(Beginning of Source records)

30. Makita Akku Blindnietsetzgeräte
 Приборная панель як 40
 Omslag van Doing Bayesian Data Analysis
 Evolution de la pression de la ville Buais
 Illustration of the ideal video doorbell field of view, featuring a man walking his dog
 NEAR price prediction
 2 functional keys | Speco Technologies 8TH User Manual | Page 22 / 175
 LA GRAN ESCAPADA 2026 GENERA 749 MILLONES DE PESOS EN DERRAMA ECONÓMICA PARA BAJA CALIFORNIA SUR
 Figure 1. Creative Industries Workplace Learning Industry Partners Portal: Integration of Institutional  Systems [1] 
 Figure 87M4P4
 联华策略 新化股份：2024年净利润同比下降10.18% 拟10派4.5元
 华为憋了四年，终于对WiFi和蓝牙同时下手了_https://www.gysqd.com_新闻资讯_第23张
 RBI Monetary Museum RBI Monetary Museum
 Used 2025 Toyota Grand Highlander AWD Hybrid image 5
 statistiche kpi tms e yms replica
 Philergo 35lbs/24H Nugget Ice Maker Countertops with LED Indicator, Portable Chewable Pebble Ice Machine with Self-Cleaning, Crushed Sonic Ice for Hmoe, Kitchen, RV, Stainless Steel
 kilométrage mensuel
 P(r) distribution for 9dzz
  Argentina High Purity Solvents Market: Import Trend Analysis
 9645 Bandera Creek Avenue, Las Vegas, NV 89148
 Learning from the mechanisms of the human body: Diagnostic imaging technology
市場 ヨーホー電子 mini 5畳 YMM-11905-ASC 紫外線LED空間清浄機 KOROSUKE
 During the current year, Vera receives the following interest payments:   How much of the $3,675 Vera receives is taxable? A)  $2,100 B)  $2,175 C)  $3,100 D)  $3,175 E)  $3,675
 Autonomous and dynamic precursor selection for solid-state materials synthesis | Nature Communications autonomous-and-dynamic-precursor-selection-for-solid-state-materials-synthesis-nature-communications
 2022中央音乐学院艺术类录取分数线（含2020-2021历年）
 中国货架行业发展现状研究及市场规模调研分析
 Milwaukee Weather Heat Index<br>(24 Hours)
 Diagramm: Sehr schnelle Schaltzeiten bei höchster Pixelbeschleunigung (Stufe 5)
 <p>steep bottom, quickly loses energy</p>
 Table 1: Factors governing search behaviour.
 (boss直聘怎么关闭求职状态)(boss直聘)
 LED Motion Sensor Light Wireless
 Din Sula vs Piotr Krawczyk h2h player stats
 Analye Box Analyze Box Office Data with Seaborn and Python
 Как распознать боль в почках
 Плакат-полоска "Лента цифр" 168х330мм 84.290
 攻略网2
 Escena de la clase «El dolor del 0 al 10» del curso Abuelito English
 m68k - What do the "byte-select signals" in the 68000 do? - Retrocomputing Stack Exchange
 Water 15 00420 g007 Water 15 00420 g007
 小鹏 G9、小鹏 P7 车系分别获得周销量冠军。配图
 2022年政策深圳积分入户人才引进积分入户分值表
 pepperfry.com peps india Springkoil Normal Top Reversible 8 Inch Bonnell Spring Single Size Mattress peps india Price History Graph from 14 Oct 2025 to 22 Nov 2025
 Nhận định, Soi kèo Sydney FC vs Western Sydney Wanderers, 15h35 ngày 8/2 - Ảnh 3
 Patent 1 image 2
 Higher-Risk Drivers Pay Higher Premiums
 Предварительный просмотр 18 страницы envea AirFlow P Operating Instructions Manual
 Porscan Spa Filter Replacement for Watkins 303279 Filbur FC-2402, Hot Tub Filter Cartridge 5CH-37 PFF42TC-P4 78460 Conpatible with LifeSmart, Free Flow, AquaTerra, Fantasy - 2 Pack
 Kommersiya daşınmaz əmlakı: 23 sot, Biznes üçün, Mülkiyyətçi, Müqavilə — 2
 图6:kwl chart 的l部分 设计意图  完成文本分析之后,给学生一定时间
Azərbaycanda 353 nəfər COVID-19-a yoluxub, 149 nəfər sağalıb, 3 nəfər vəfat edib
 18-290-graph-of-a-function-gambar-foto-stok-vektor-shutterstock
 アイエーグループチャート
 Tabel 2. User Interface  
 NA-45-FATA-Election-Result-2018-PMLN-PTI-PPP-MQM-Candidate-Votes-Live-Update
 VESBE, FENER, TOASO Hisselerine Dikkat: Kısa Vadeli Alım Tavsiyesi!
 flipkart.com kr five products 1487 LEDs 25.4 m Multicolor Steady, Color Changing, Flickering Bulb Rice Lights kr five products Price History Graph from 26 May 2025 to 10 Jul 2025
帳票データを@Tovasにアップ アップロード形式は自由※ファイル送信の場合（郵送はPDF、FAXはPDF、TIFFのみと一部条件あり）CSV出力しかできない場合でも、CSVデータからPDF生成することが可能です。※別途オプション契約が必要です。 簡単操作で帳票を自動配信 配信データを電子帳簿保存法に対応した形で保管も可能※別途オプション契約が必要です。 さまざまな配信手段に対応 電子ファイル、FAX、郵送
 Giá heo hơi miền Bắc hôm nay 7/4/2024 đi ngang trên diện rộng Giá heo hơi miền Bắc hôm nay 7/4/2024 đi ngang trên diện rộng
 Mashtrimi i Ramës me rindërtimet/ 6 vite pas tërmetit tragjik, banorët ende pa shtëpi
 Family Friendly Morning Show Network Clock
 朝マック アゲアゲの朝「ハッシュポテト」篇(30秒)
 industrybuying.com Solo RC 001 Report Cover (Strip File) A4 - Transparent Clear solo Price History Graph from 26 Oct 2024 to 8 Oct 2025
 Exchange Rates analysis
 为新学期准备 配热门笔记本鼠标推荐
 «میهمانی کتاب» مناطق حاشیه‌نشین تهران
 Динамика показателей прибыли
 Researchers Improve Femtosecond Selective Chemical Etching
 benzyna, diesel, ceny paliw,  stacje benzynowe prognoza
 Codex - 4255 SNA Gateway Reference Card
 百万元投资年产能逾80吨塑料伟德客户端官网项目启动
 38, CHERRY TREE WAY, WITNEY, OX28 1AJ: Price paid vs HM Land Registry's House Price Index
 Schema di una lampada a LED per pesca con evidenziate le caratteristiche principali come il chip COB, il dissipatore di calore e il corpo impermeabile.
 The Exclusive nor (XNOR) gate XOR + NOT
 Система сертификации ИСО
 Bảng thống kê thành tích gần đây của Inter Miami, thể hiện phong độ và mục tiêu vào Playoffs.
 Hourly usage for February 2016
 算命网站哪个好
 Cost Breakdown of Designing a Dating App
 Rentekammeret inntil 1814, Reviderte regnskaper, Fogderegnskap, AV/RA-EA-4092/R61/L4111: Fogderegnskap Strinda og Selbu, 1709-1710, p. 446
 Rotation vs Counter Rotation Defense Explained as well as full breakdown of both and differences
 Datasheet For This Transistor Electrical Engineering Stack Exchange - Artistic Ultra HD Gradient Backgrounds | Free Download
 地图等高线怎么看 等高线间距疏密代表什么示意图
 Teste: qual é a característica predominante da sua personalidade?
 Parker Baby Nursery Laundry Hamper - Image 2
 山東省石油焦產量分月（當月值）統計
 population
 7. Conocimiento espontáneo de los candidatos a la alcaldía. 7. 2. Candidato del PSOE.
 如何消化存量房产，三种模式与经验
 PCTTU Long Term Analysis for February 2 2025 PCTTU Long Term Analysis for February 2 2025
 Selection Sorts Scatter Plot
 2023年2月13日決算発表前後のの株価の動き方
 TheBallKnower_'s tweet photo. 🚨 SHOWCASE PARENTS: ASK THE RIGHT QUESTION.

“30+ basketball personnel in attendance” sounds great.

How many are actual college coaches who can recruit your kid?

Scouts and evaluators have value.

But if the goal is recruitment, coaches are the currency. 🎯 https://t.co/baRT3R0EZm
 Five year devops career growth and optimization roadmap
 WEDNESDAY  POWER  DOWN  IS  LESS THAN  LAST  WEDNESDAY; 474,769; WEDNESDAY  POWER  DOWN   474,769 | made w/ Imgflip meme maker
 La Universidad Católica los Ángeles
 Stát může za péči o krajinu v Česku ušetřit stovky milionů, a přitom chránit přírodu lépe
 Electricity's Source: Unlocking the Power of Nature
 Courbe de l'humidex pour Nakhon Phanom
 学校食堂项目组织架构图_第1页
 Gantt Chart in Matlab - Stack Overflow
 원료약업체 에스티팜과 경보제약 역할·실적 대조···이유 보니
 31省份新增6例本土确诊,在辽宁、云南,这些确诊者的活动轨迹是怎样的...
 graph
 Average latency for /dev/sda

(End of Source records)

Problem – An exact copy of the lines above, from the one containing "2022年政策深圳积分入户人才引进积分入户分值表" down to the one containing "Higher-Risk Drivers Pay Higher Premiums" and including both, is the whole answer; retype it and nothing else.

Response –
 2022年政策深圳积分入户人才引进积分入户分值表
 pepperfry.com peps india Springkoil Normal Top Reversible 8 Inch Bonnell Spring Single Size Mattress peps india Price History Graph from 14 Oct 2025 to 22 Nov 2025
 Nhận định, Soi kèo Sydney FC vs Western Sydney Wanderers, 15h35 ngày 8/2 - Ảnh 3
 Patent 1 image 2
 Higher-Risk Drivers Pay Higher Premiums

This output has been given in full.